Vernon McNamee Retires from MTA “Flight Duty”

By Suzanne Pletcher

“Flight 75, you’re cleared for take-off.”

“Roger that. I’m rolling.”

Wednesday, Feb. 6, was the last time that once-familiar conversation was heard at bus company Mendocino Transit Authority (MTA), and it was spoken with deep affection between Jacob King, MTA’s operations manager who long ago manned MTA’s dispatch center, and Vernon McNamee, former Vietnam helicopter and fixed-wing aircraft pilot and more recently MTA south coast bus driver.

They recited the old mantra over cake as McNamee rolled into formal retirement from his third career after 19 years at MTA.  He was honored by MTA staff and fellow crew with cheers and many stories.  The cake was festooned with toy aircraft.

“He’s an amazing man with many talents; he’ll be missed,” said Candy Lodge, MTA’s south coast supervisor.  McNamee served as back-up supervisor when Lodge was out of town.

Supervisor Candy Lodge with Vernon McNamee at his retirement party.

“It’s been a fun job: I don’t do anything I don’t like,” McNamee said of driving for MTA. He turned serious for a moment and allowed that there were a few white-knuckle times during Vietnam when he didn’t like what he was doing.

Vernon is known for a steady hand on the wheel and clear-eyed view of the world and its people. “You never leave anyone behind,” he said.  That’s why when the Navarro and Garcia Rivers flooded a few years ago when McNamee was training new driver Richard Spencer, they drove the MTA bus over Greenwood Road to Philo and on to Ukiah.  Then to get passengers back home, they drove from Ukiah south to Santa Rosa and then west to Route 1 and up the south coast. It was a 15-hour day, but no one was stranded.

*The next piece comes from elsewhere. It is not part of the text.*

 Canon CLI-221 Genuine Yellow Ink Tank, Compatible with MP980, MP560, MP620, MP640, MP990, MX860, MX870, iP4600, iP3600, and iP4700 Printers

McNamee has led a charmed life shaped by his 22 years of active duty in the United States Army, many interests, and a great sense of humor.  He earned an undergraduate bachelor of science degree in agricultural engineering while in the ROTC, survived two tours of duty flying in Vietnam, and worked all over the world for the Army.  During those years, he flew reconnaissance aircraft for the InterAmerican Geodetic Survey that mapped south and central America.  On his second tour with the geodetic survey in Brazil, McNamee met his wife, Rosa, a Registered Nurse in Brazil and California. They’ve been together 32 years. He and Rosa have raised, shown and rescued Basset hounds. He speaks three languages and a smattering of several others.

After he retired from the Army, McNamee earned a second BS degree, in law.  That second BS was earned by “learning to never say in seven minutes what we could say in an hour and a half,” he jokes. He worked for 12 years as a trial attorney in Brazil and retired a second time.

When Vernon and Rosa settled on family land in Anchor Bay, McNamee embarked on a third career piloting MTA’s Route 75 bus that carries passengers from Gualala to Point Arena and Navarro before turning right onto highway 128 to Philo and Boonville then left and downhill on the highway 253 “Boonville grade” to Ukiah, returning the same day. The bus runs the curvy 200-mile roundtrip route once daily Monday through Saturday and tallies more than 5,000 passenger trips a year.

His passengers “are great people,” McNamee said. When he gets the occasional trouble-maker on board, he asks himself why the person is like that.  If he can’t figure it out, then he asks the troublemaker to explain why he or she is like that.  He’s heard some interesting answers and often the question quiets them down, he said.

On his last trip behind the wheel of Route 75 on Wednesday, McNamee picked up regular passengers Estella and Antonio on the south coast.  He greeted the couple as they stepped aboard and, as always, Estella gave McNamee a piece of candy wrapped in waxed paper.

A while later, as he started down the Boonville grade toward Ukiah, McNamee called into MTA dispatch, “Flight 75, descending. Estimating library three five.”